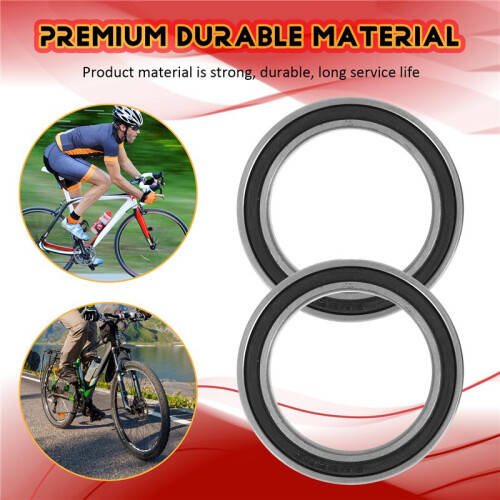2Pcs Ceramic  Bearing Fit Rotor Bb30/Pf30/Bb 386/Bb Right Bottom Bracket 2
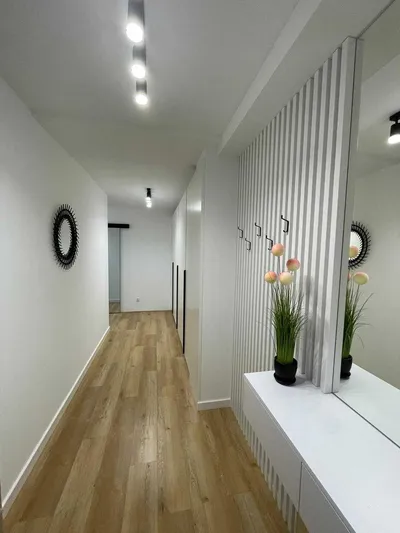 Apartament 49m2 - SKY GARDEN -najlepsza lokalizacja, klimatyzacja i miejsce parkingowe - miniatura 4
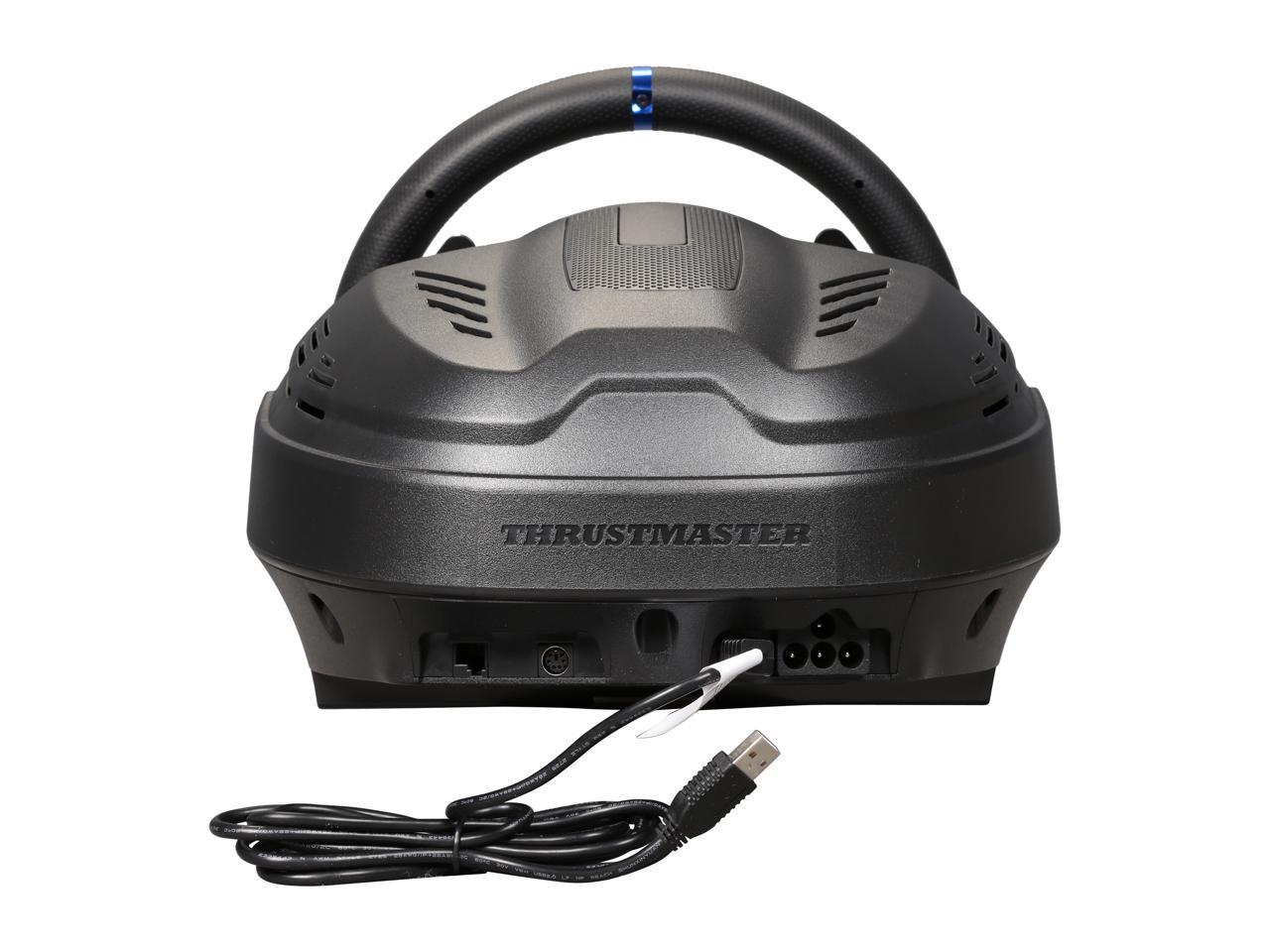 Thrustmaster T Rs Degrees And The First Official Force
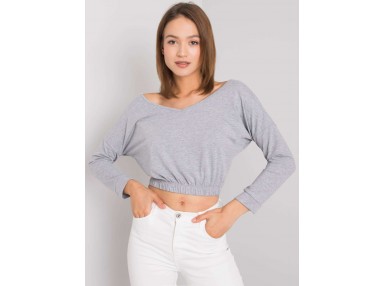 T-shirt en coton - gris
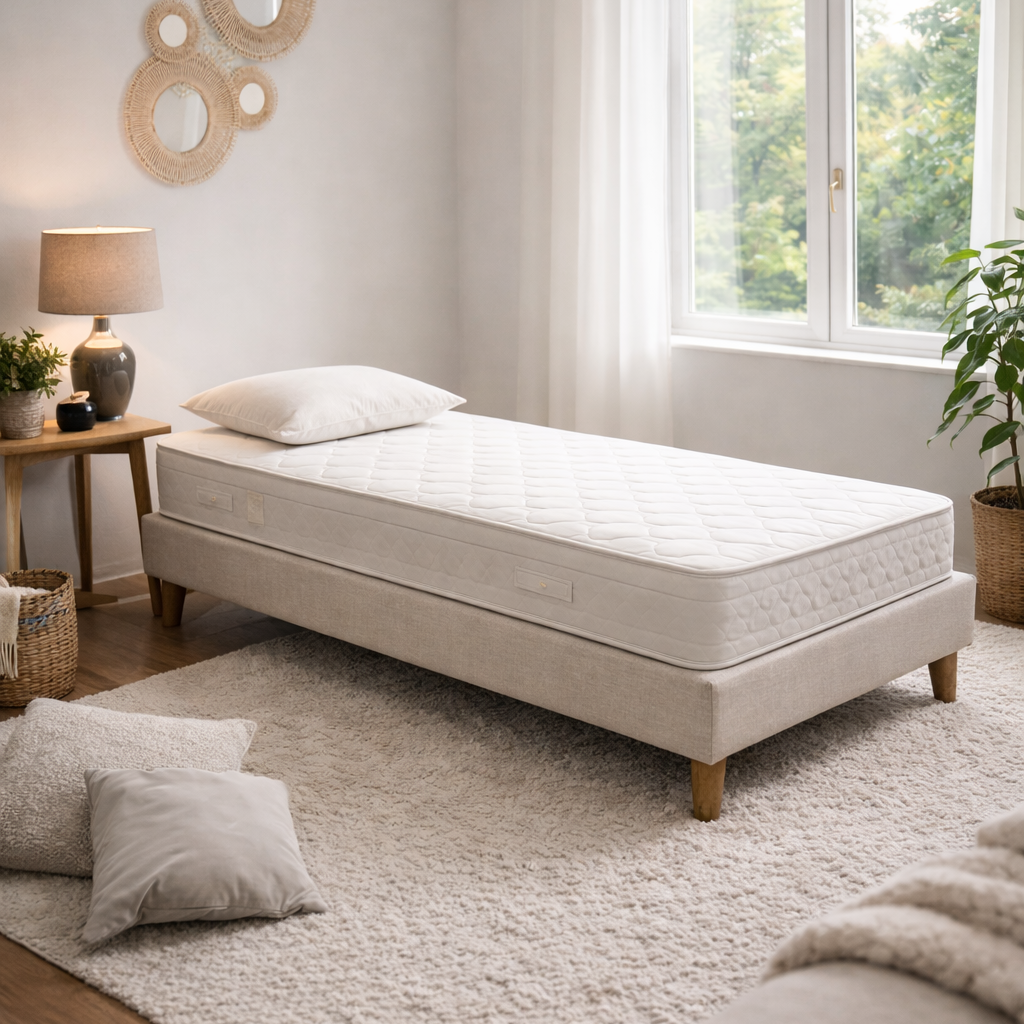 Nettoyage matelas 1 place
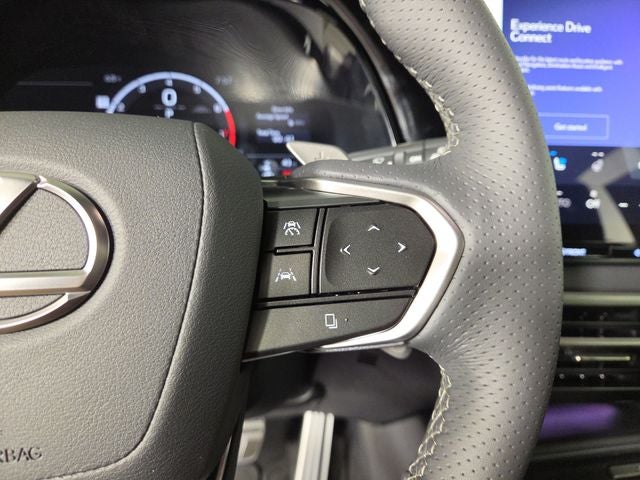 2026 Lexus RX F SPORT HANDLING AWD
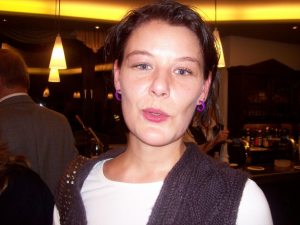 Profilbild von Nadine Krey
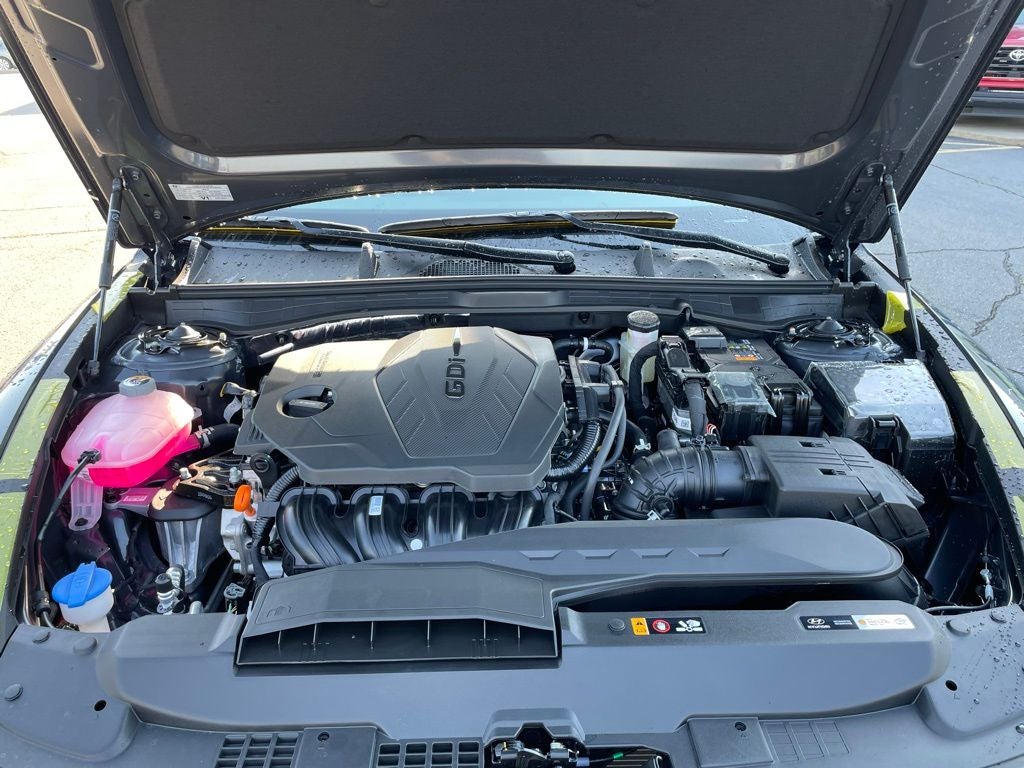 2026 Hyundai SONATA SE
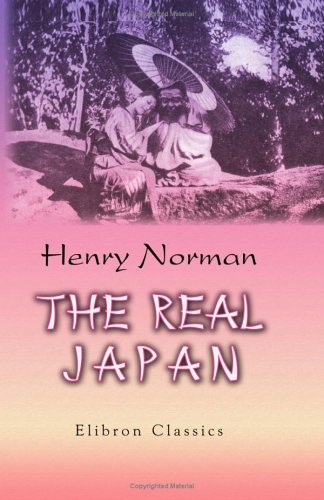 The Real Japan (9781402197017) by Norman, Henry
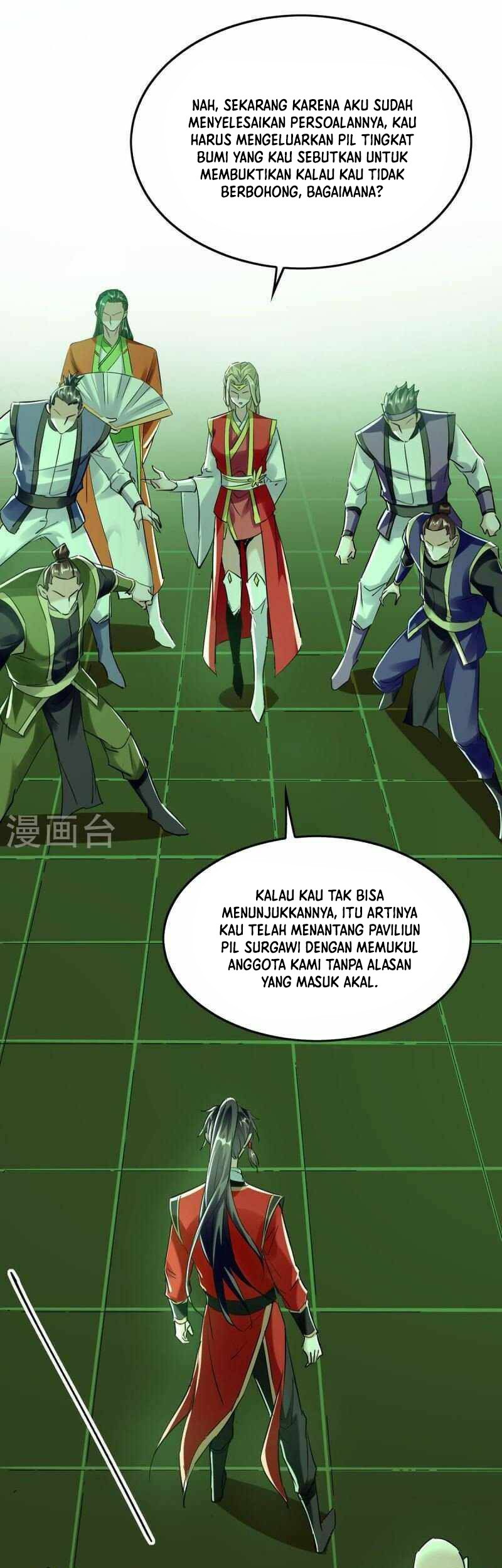 Return of Xiandi Chapter 349 - halaman 7
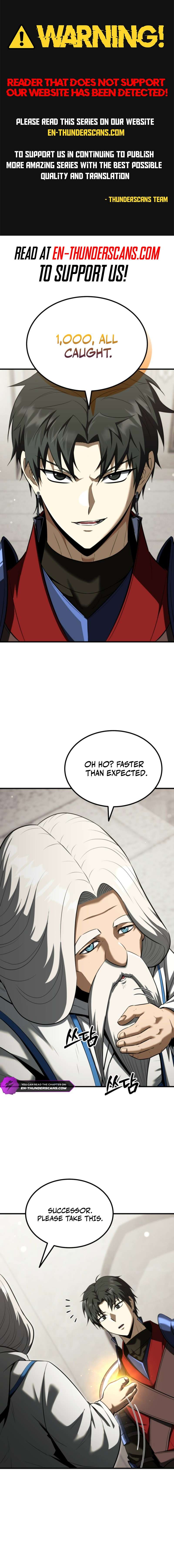 The Return of the Unrivaled Genius Ranker Chapter 35 76 1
====================
## Activity:
Make an exact copy of the lines of the records from the line containing "Apartament 49m2 - SKY" through the final line, both ends included, but not of the pictures.

## Solution to the problem:
 Apartament 49m2 - SKY GARDEN -najlepsza lokalizacja, klimatyzacja i miejsce parkingowe - miniatura 4
 Thrustmaster T Rs Degrees And The First Official Force
 T-shirt en coton - gris
 Nettoyage matelas 1 place
 2026 Lexus RX F SPORT HANDLING AWD
 Profilbild von Nadine Krey
 2026 Hyundai SONATA SE
 The Real Japan (9781402197017) by Norman, Henry
 Return of Xiandi Chapter 349 - halaman 7
 The Return of the Unrivaled Genius Ranker Chapter 35 76 1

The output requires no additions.